Get ready for the Spring Market.

Yes, interest rates are high BUT the market is starting to improve. Now is the time to put some sweet sweat equity into your home and be ready to hit the spring market.

When we say, ‘a house is an investment’, we are usually talking about home equity. What is home equity, why you want it and how do you get more of it?

Home equity is the dollar amount difference between the value of your home and the amount of money you owe on your mortgage.

For example, if the value of your home is $500,000 and you owe $250,000, your equity is $250,000.

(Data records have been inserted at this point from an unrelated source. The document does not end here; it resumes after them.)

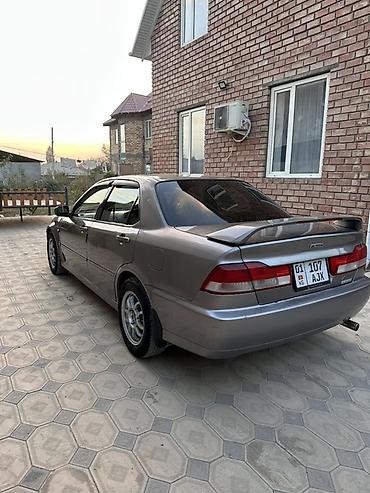 accord 1990: Honda Accord: 2002 г., 1.8 л, Автомат, Газ, Седан — 2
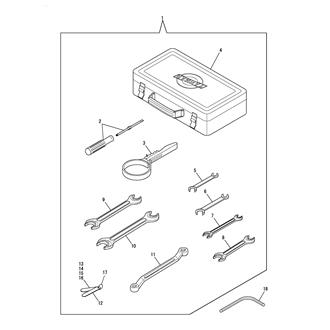 FIG 42. TOOL(OPTIONAL)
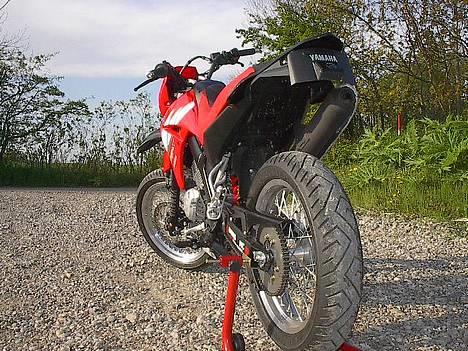 Yamaha XT 125x #96 billede 3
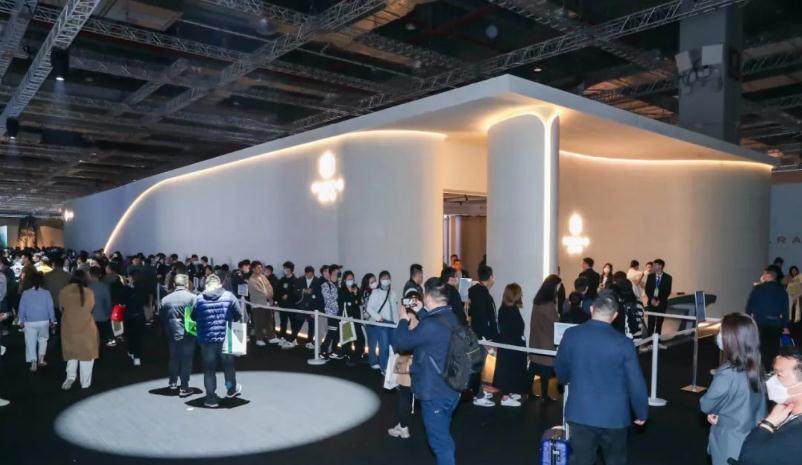 权威发布!2024中国装饰装修材料展(中国(上海)建博会)(图1)
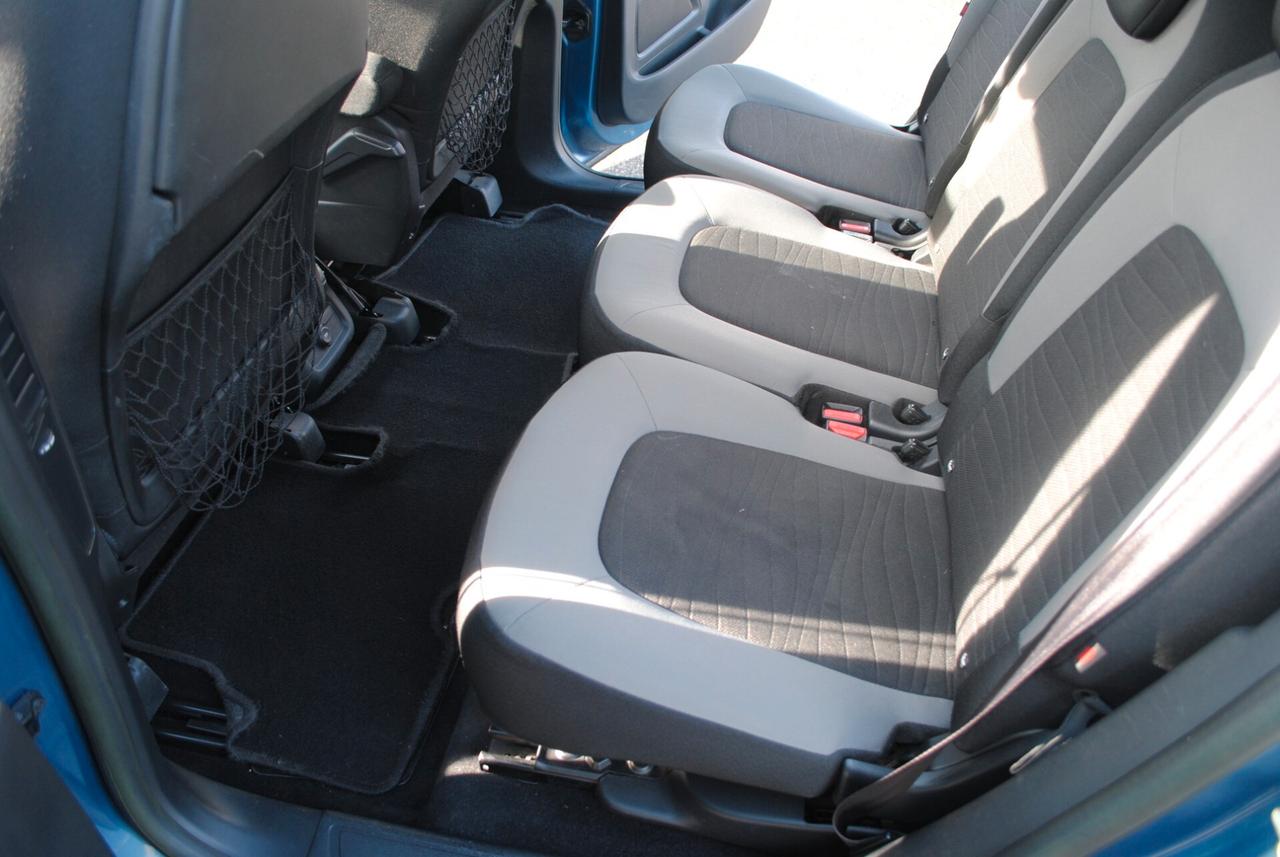 CITROEN C4 PICASSO 1.6 HDI 116 CV OK NEOPATENTATI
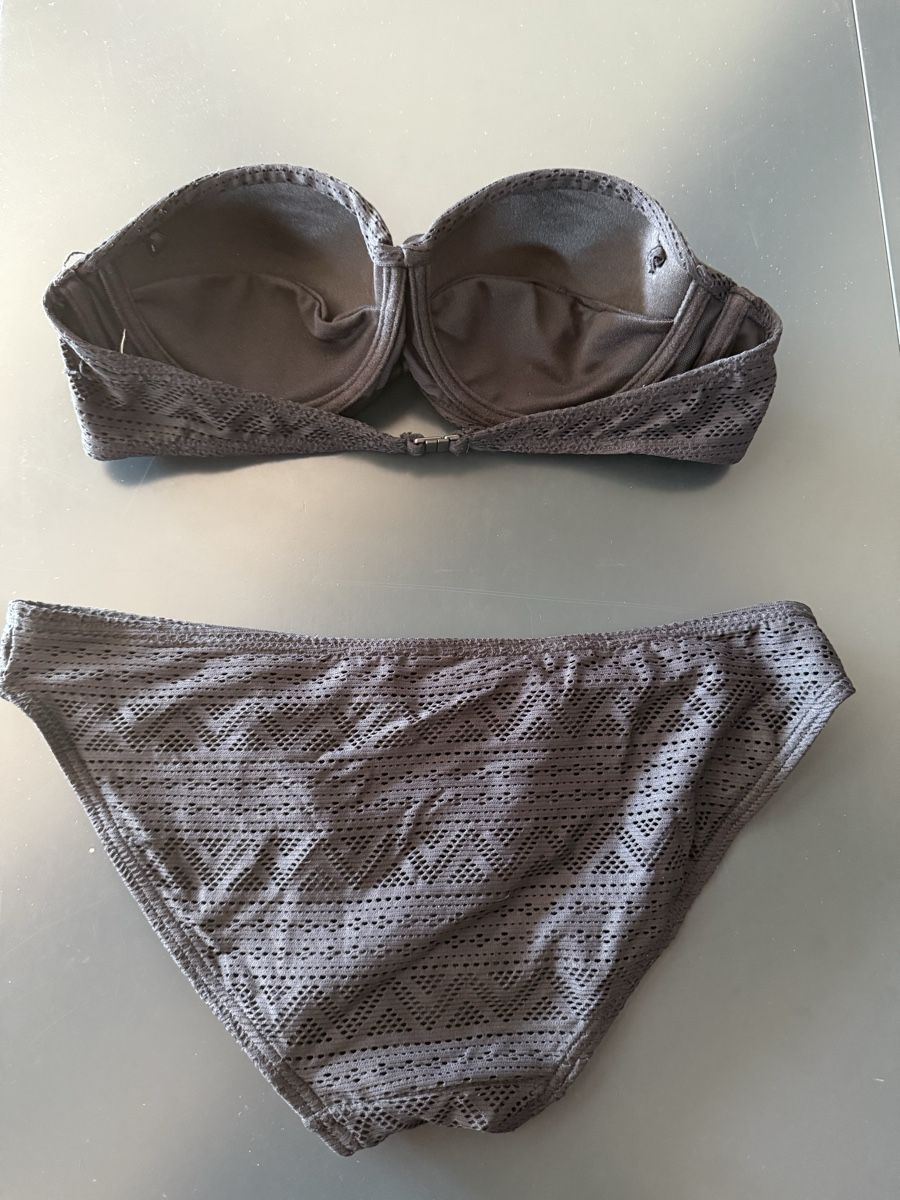 Buffalo Costumi da bagno & Bikini: Bikini schwarz von Buffalos – Usato da Steckborn venduto da Diana.84 1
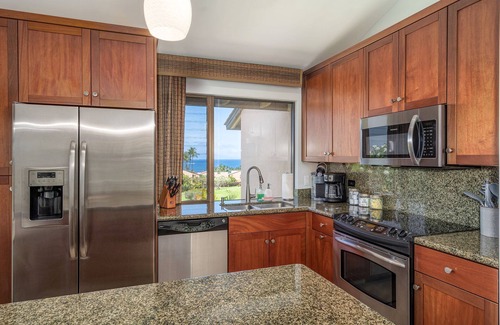 Wailea Condo | Discover Wailea Ekahi 39E - Breathtaking Ocean Views, Renovated, Wi-Fi, Split AC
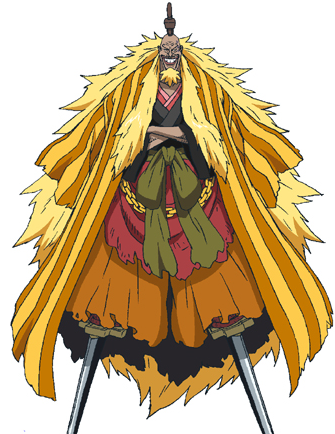 约翰船长,看到过死后的模样,成为了莫利亚的僵尸军.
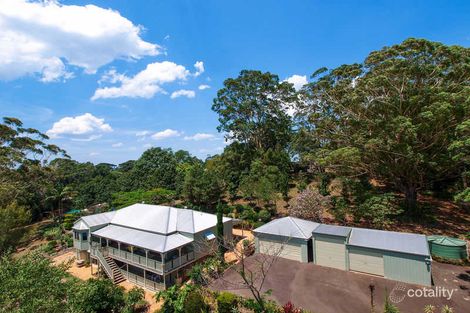 Property photo of 127 Flaxton Mill Road Flaxton QLD 4560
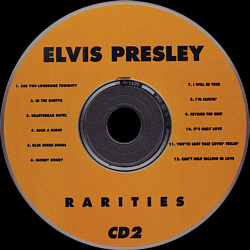 Elvis Presley Various CDs Rarities - Drive 1995 - Elvis Presley Various CDs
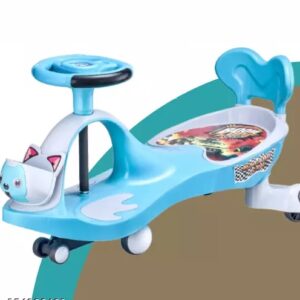 Vaishno Mata Toys Cat Ride on for Kids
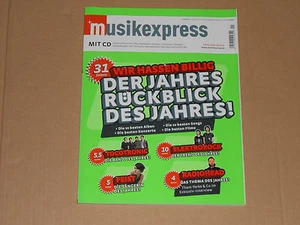 MUSIKEXPRESS - JANUAR 2008 - Bild 1 von 1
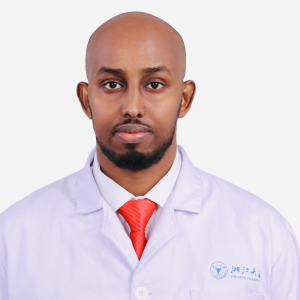 Sakarie Mustafe Hidig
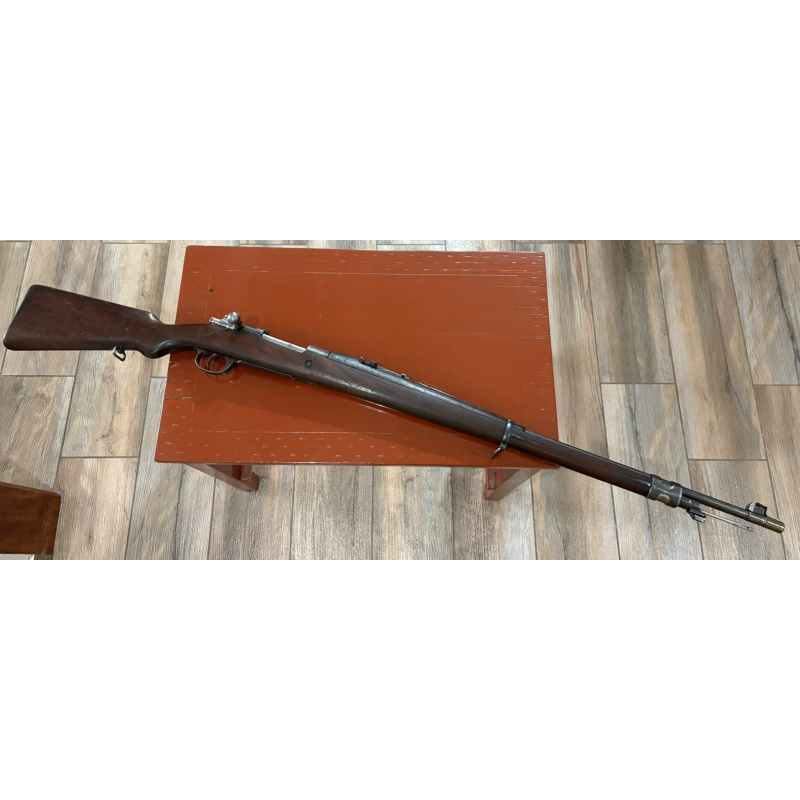 Dwm Mauser 1909 De Infanteria
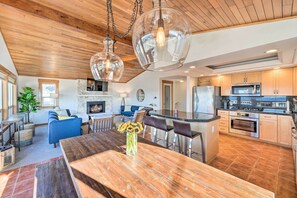 Hus (5 Bedrooms) | Interiør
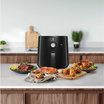 Electrolux หม้อทอดไร้น้ำมัน รุ่น E3AF1-100B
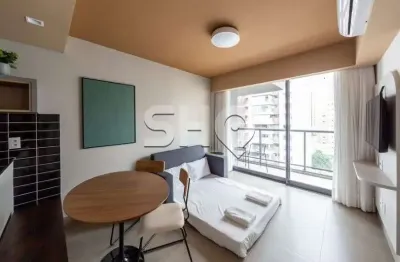Apartamento com 1 quarto à venda na rua diana, 375, perdizes, são paulo, 41 m2 por r$ 640.000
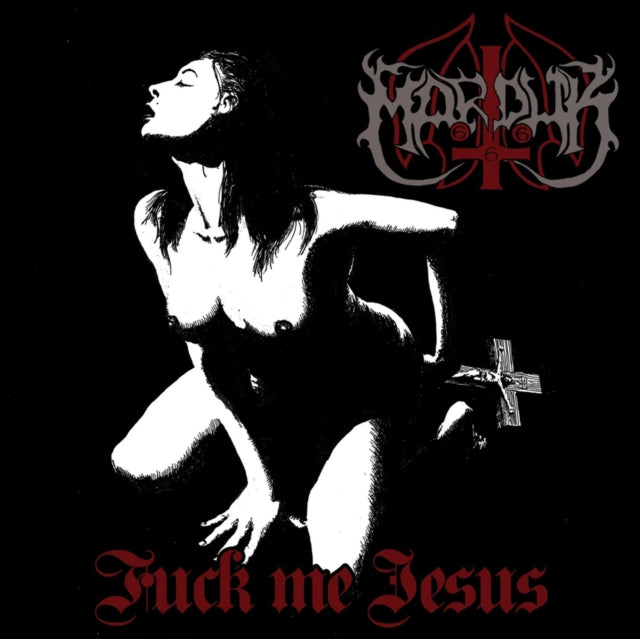 MARDUK | FUCK ME JESUS | CD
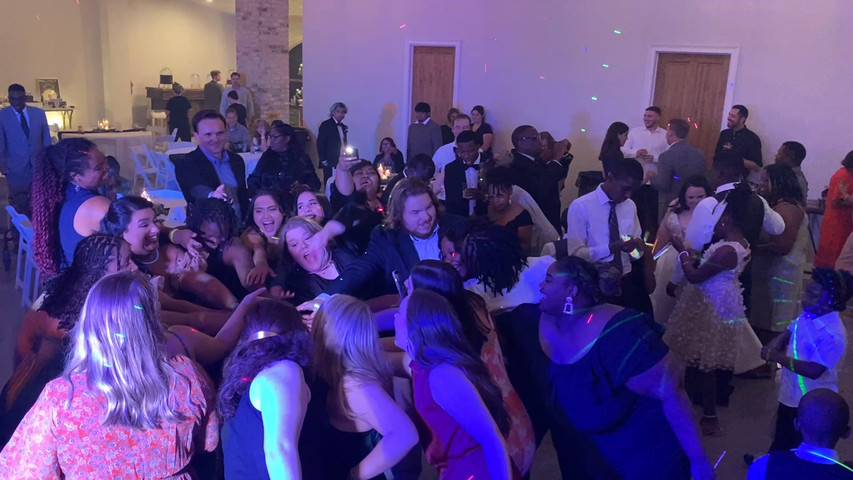 Wedding Reception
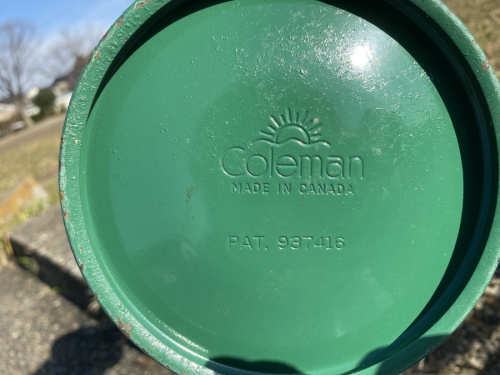 ヴィンテージのヴィンテージランタン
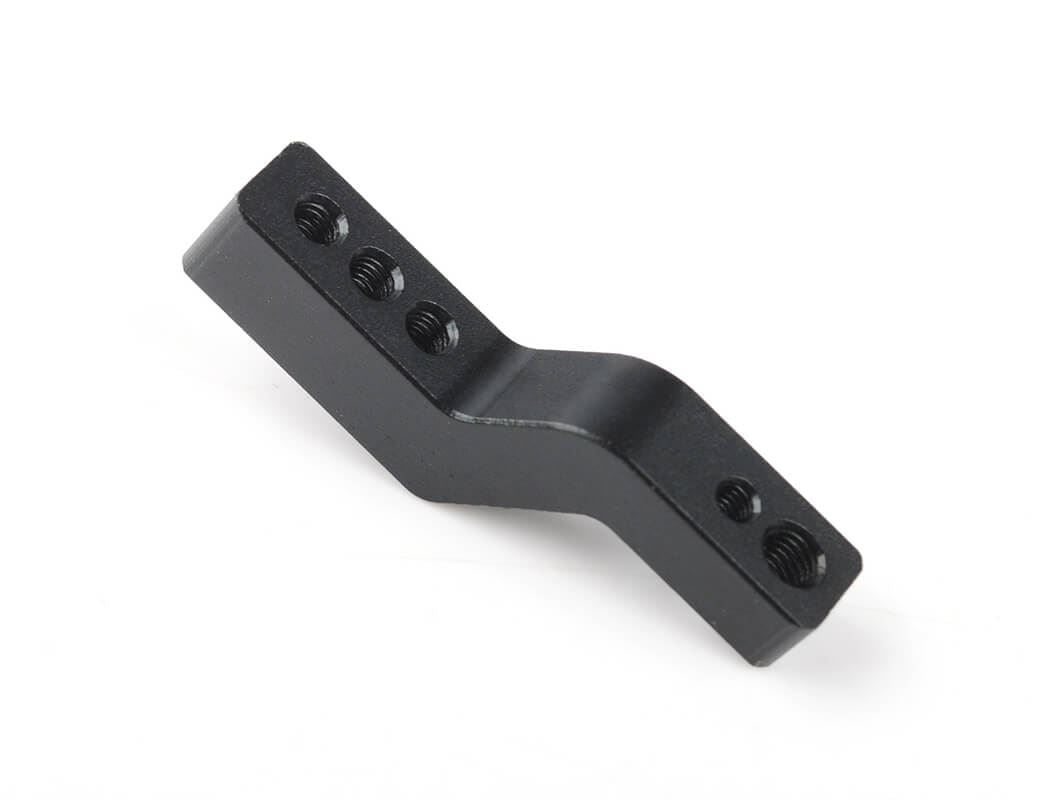 RC4WD METAL TUBE REAR BUMPER W/ HITCH BAR FOR TRAXXAS TRX-4 2021 BRONCO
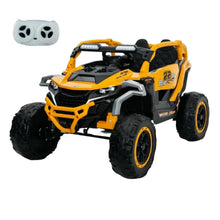Load image into Gallery viewer, Ride On Kids Electric Truck With Remote Control, Front & Rear Suspension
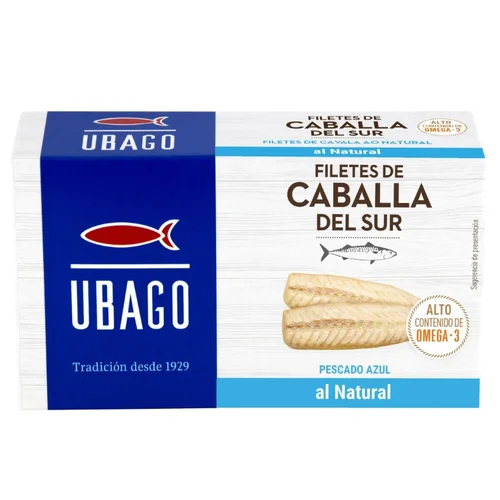 Salmón al natural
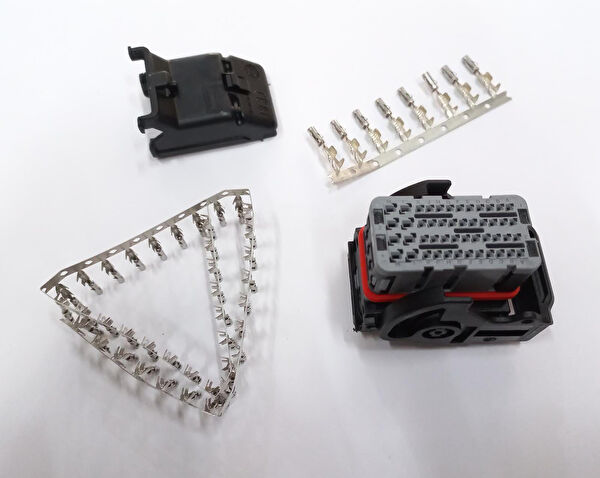 Aemparts Soket Gövdesi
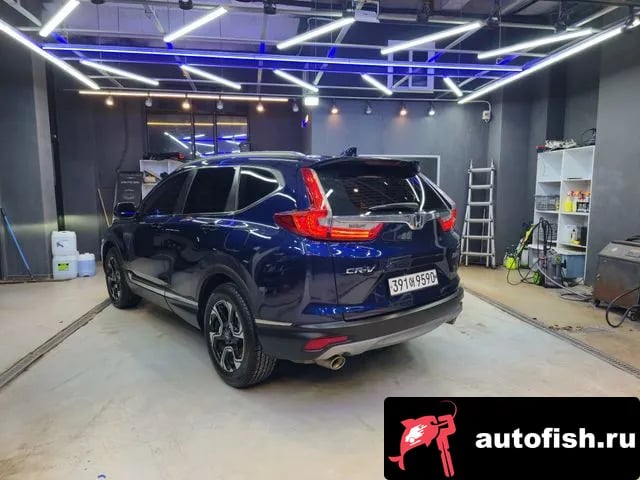 Honda CR-V CR-V 5th generation 2019 года - вид 6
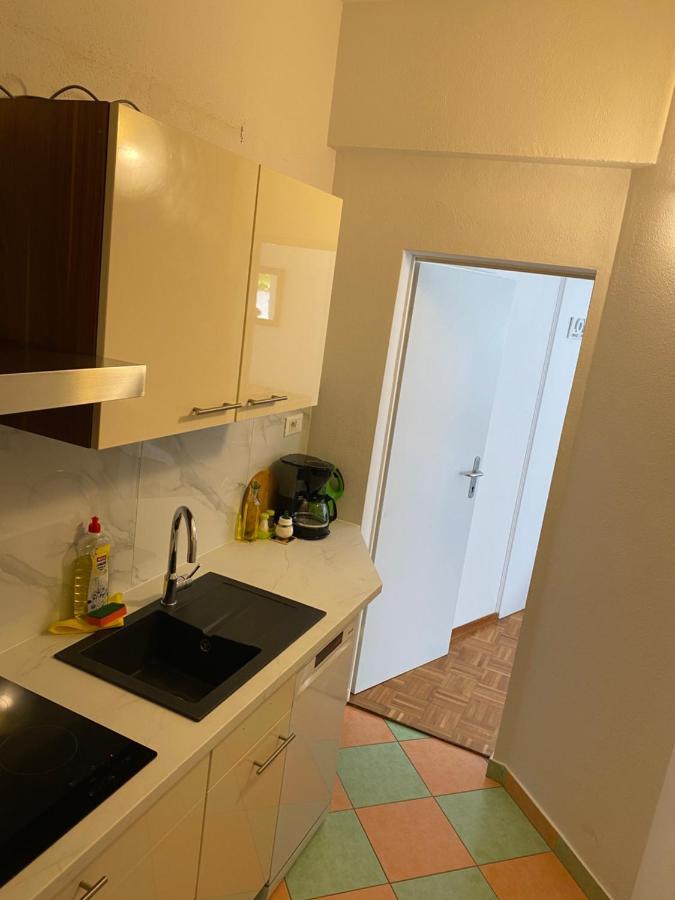 A.B.Kvarner Daire Rijeka Dış mekan fotoğraf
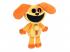 Poppy Playtime: nevető plüss állatfigura, 20 cm, többféle, 1 db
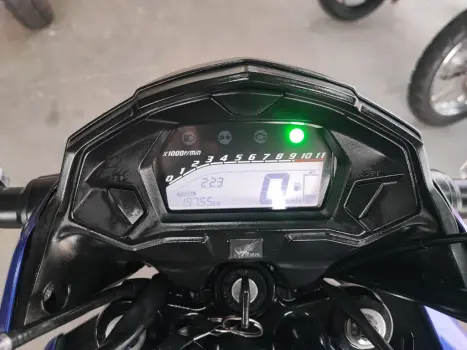 HONDA CG 160 FAN, Foto 2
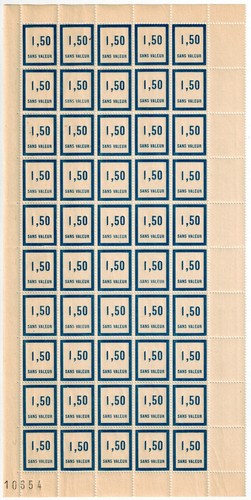 Timbre fictif 39 - timbre, n°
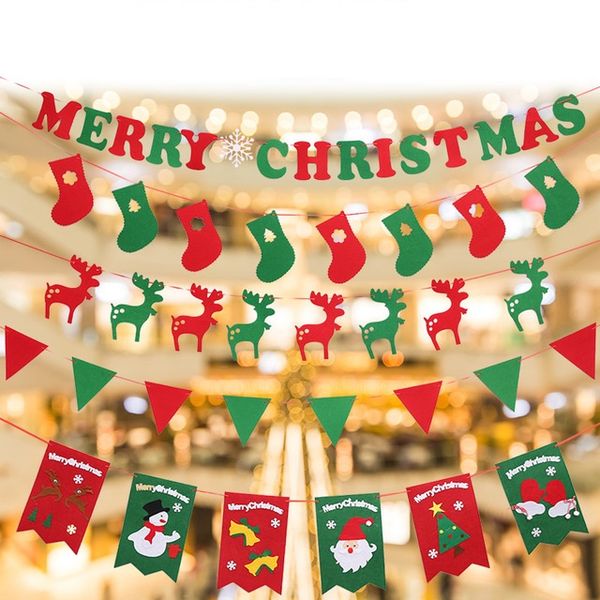 2020 christmas decorations hang the flag to pull the flower ornament ceiling arrangement window wall decoration festival mixed loading
2020 christmas decorations hang the flag to pull the flower ornament ceiling arrangement window wall decoration festival mixed loading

Building equity means increasing the difference between your home value and the amount owing on your mortgage. You may be able to borrow from your equity as a loan, invest it, build long-term wealth or sell your home for more then your current mortgage and retain the difference.

Here are a few tips on how to get it:  

·         If possible, you may consider a larger down payment then required.

·        Refinancing to a shorter term. 

·         Increase your monthly payments.

·         Switch to Biweekly payments from monthly payments.

 Sweat Equity is updating and adding amenities to possibly increase the value of your home. Bathrooms and kitchens are high on the list of improvements that add value to a home. Energy-efficiency updates can also increase the value of your home, save money on utilities, and possibly provide a tax credit. Improving curb appeal with a fresh coat of paint, trimming hedges and adding a little ‘bling’ to the exterior goes a long way.

 Not all home improvements have to be big ones. Adding a fresh coat of paint or increasing curb appeal can go a long way, too.